Szef malezyjskiego Urzędu Lotnictwa Cywilnego Azharuddin Abdul Rahman podkreśla, że obecnie najważniejsze jest odnalezienie maszyny. - Bez tego nie będziemy wiedzieć co się stało - powiedział na konferencji w Kuala Lumpur.  Ujawnił też, że tuż przed zniknięciem z radarów samolot najprawdopodobniej rozpoczął manewr zawracania.

W niedzielę rano wietnamskie statki i samoloty wznowiły poszukiwania zaginionego malezyjskiego Boeinga 777 z 227 pasażerami i 12 członkami załogi na pokładzie. Mimo spostrzeżenia na morzu plam paliwa, nie odnaleziono śladów maszyny. Poszukiwania, zawieszone po zmroku, zostaną wznowione w poniedziałek.

Samolot zniknął z radarów w sobotę mniej niż godzinę po starcie z lotniska w Kuala Lumpur.
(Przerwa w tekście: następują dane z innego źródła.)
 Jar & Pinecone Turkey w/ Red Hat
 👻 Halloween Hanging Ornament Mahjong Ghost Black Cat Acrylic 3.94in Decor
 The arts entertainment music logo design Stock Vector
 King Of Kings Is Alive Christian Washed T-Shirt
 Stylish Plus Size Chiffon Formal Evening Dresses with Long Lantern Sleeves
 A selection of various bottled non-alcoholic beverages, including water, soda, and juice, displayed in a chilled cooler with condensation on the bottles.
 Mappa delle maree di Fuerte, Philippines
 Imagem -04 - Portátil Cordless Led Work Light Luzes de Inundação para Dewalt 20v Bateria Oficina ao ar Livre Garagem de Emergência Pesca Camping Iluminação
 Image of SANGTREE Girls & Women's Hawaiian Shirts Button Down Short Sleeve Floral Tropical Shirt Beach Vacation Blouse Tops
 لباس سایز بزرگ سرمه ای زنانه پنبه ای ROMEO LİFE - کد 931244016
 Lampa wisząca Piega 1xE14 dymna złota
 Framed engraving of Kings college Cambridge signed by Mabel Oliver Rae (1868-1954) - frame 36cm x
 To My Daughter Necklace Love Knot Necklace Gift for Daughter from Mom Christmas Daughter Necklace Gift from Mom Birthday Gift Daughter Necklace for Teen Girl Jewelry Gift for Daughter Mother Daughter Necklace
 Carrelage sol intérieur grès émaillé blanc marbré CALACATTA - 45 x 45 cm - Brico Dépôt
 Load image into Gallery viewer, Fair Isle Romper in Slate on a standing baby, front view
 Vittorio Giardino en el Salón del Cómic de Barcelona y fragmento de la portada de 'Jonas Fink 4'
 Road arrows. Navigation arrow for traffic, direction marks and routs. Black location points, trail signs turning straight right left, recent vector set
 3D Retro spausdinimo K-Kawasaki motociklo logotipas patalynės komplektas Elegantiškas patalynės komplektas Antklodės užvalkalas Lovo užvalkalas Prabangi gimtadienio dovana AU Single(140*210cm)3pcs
Linie lotnicze Malaysia Airlines oświadczyły w niedzielę, że obawiają się najgorszego. W akcji poszukiwawczej uczestniczy już 8 państw. Dołączyły śmigłowce lub statki z Australii, Tajlandii i Indonezji. W sumie teren przeczesywany jest przez 34 śmigłowce i samoloty oraz 40 okrętów i statków.